Earlier this summer, Tea 1 opened its first Berkeley location on Telegraph Avenue a few blocks from campus. The co-manager there, Nemo Dang, said that after witnessing packed lines at Cory Hall on opening day, he’s excited to expand the store’s brand further and continually tinker with recipes.

“We’re constantly improving the quality of ingredients as well as taste,” he said.

The tea vendor was chosen after surveys of undergraduate students and graduate students found undergraduates heavily in favor of a tea cafe.

“Interestingly, 90 percent of undergraduates wanted bubble tea.
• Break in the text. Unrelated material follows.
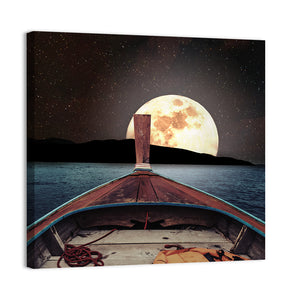 Wooden Boat At Night Wall Art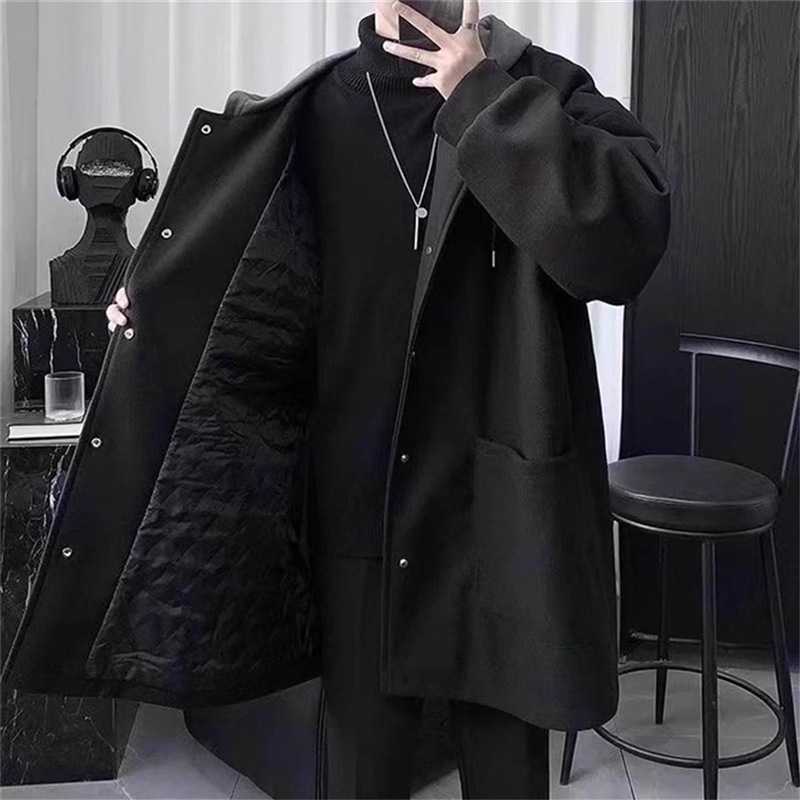 Woolen black single piece coat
And (with) the graduates and faculty, who are older, the margin was 52 percent tea and 48 percent coffee,” McNally said.

A new cafe that serves primarily coffee is planned to open at Etcheverry Hall later this semester, run by the same management of Nefeli Caffe on Euclid Avenue.

Retrofitting the room to accommodate a cafe was paid for with private funds raised by former EECS department chair Tsu-Jae King Liu, according to McNally.

EECS associate professor Anant Sahai, who teaches on the same floor as the cafe, said that while not all faculty are fans of sugary teas, he appreciates the spot as an important chance for students to see faculty in a different context than lecture or office hours.

“Just seeing us as people, I think, improves the atmosphere,” he said. “Berkeley can be intimidating.”